Later this month, Congo will no longer be classified as a "level three" situation: a demarcation of the worst crises in the world. A senior NGO official close to the process said the decision was rushed through in 12 hours and was "very rash", as it sets a bad precedent. "If we can't stand up to the government of DRC... good luck with [Syrian President Bashar al-] Assad", the official said, adding that the UN had skipped consultations with other aid groups that collectively agreed the designation last October.

 

However, Mark Lowcock, the UN aid chief who heads the Inter-Agency Standing Committee that decides on "L3s", stated in a 4 April announcement that benchmarks had largely been met, and the six-month designation would not need to be renewed. An L3 designation can be agreed by the IASC to signal the urgency and priority of the most serious situations, and thereby unlock extra resources to mobilise a bigger and better response.
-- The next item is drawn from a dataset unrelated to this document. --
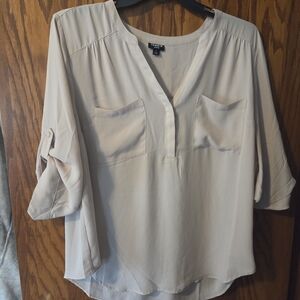torrid Cream Split V-Neck Roll-Tab Blouse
Several  NGO staffers said Congo wouldn't be the first country to shake off the L3 designation and that Nigeria was among several countries that had successfully lobbied behind the scenes to avoid the label altogether.

 

Congo is on a tense path to delayed elections while trying to ram through changes to taxes that have irked mining firms. It also has multiple conflicts, widespread hunger, and huge numbers of displaced people (numbers now disputed by Kinshasa). Whether lifting the "L3" status operationally makes much difference now, the NGO staffers weren't sure. But they all agreed that the timing looked unhelpfully like a UN climbdown. "With the government contesting the numbers and saying the L3 was not justified... it just looks very publicly like they are giving in to the pressure," said one aid worker in Goma.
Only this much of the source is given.